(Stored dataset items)

---------------

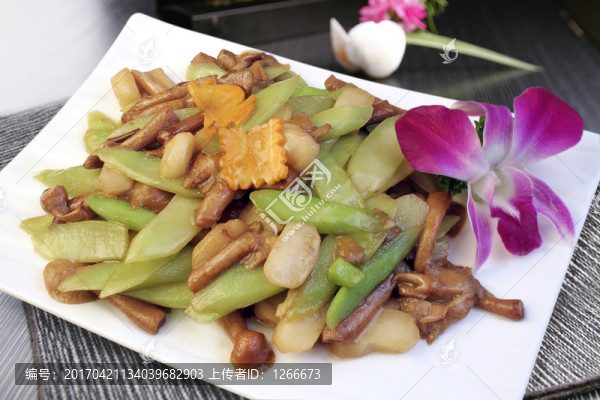 山珍芥蘭炒馬蹄
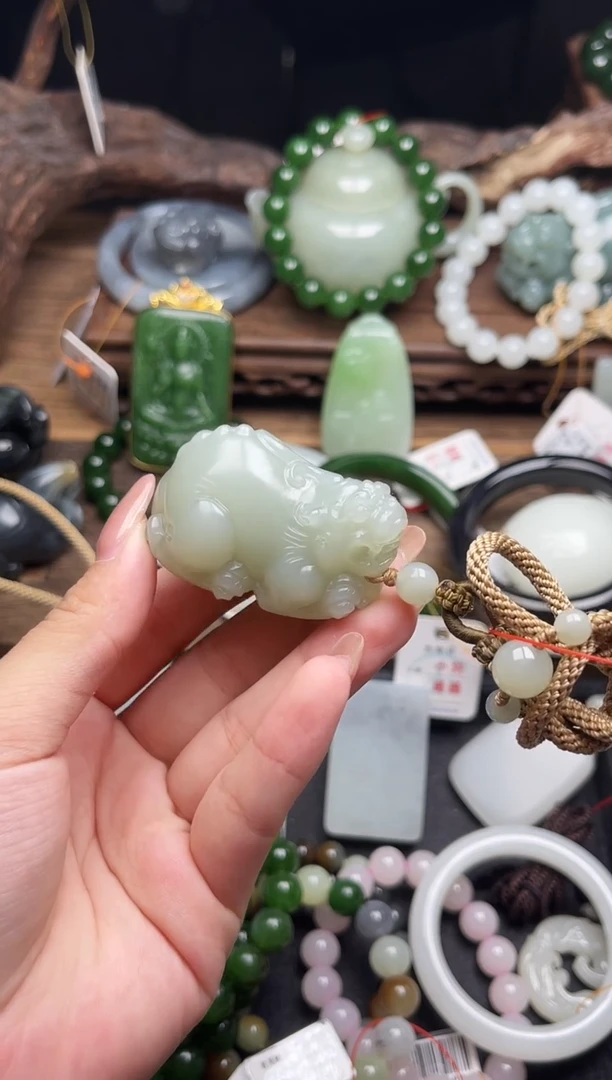 未镶嵌和田玉把件且末青白 貔貅900372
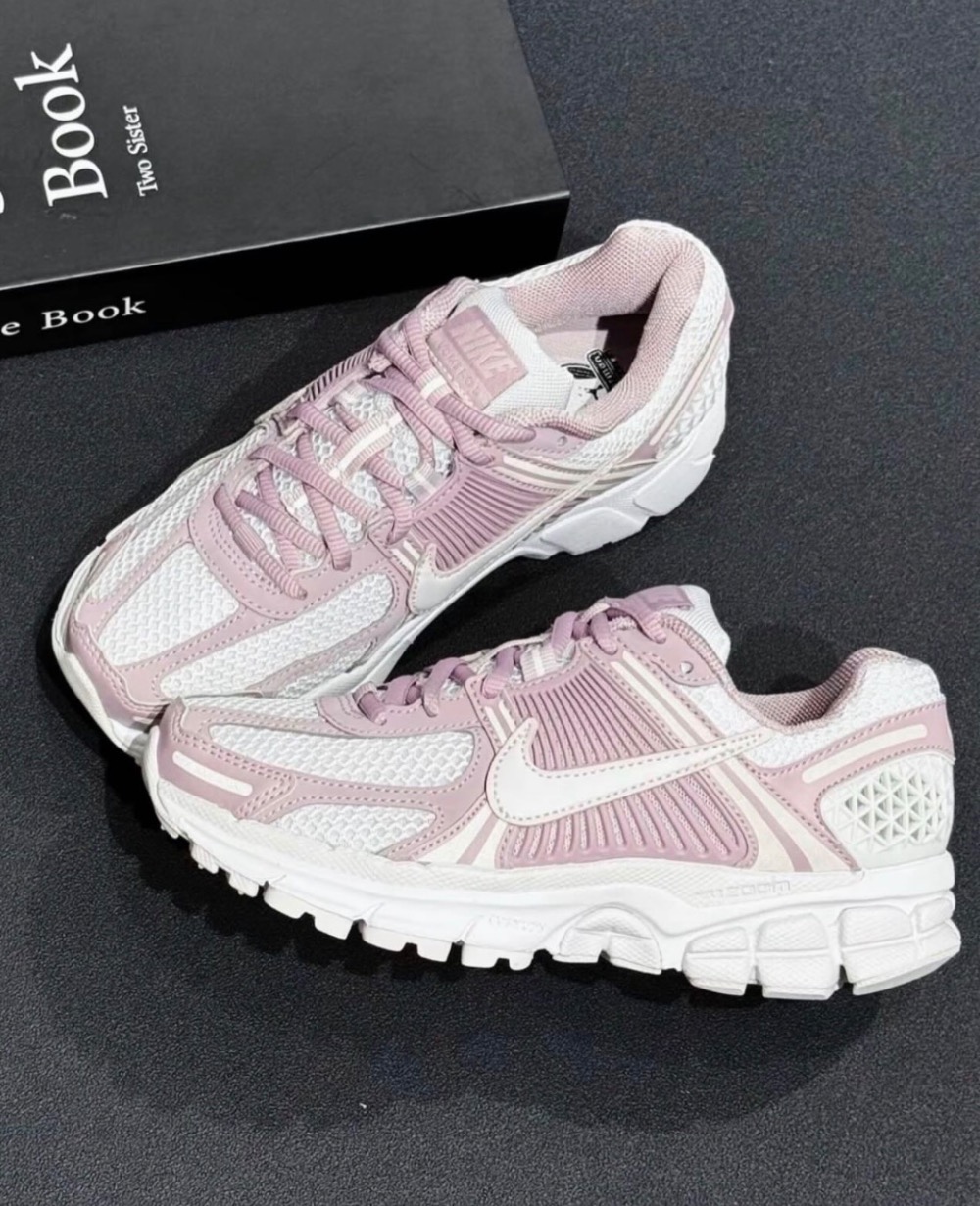 Nike Zoom Vomero 5 Off White Light Violet Ore — 36, Novo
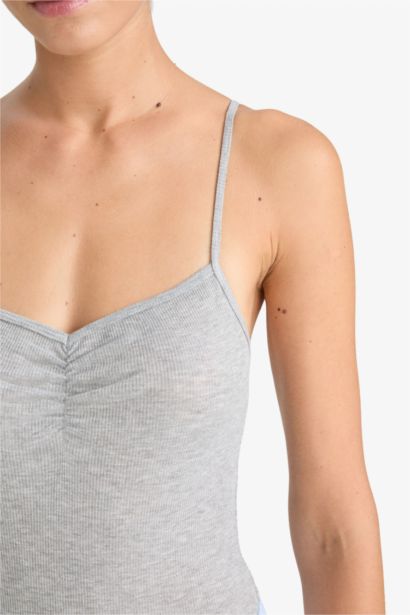 بودي سوت بحمالات رفيعة من Fall in Love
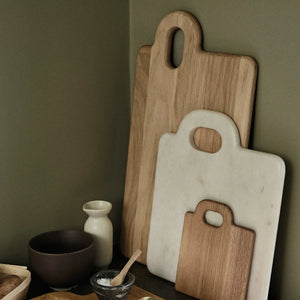 Olina Oiled Oak Chopping Board 45.5 x 25 cm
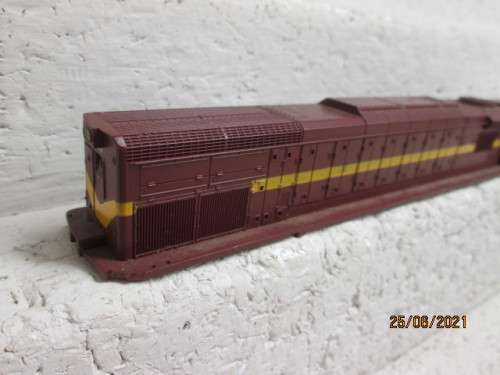HO SCALE : LIMA : SAR : CLASS 34 DIESEL LOCOMOTIVE BODY ONLY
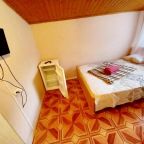 Двухместный (Двухместный номер Делюкс с 1 кроватью или 2 отдельными кроватями), Гостевой дом Уютный домик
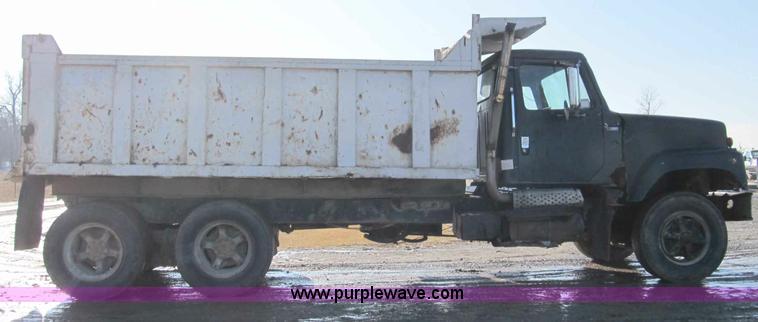 image for item A8076 1978 International F2554 dump truck
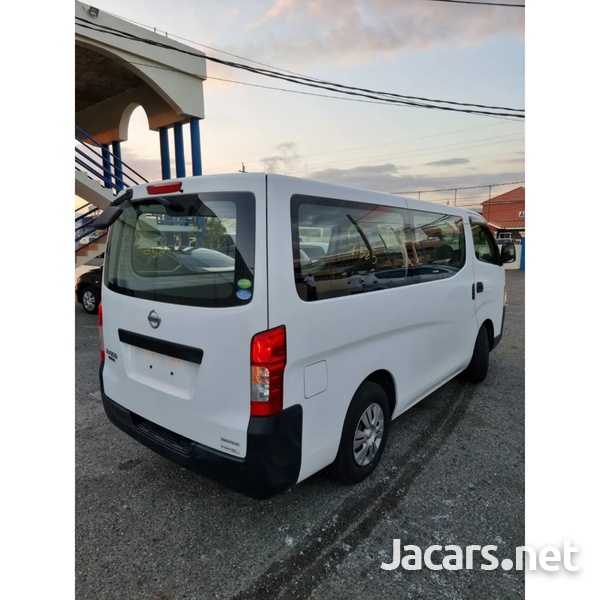 Nissan Caravan 2,0L 2016-4
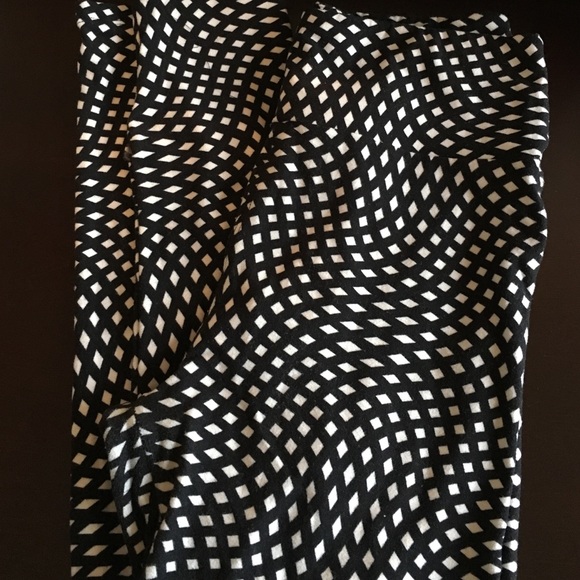 LulaRoe black and white OS leggings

---------------

Task goal
Exactly the lines from the line with "image for item" through the end of the data are to be reproduced, and no picture is to be included.

Result of this exercise
 image for item A8076 1978 International F2554 dump truck
 Nissan Caravan 2,0L 2016-4
 LulaRoe black and white OS leggings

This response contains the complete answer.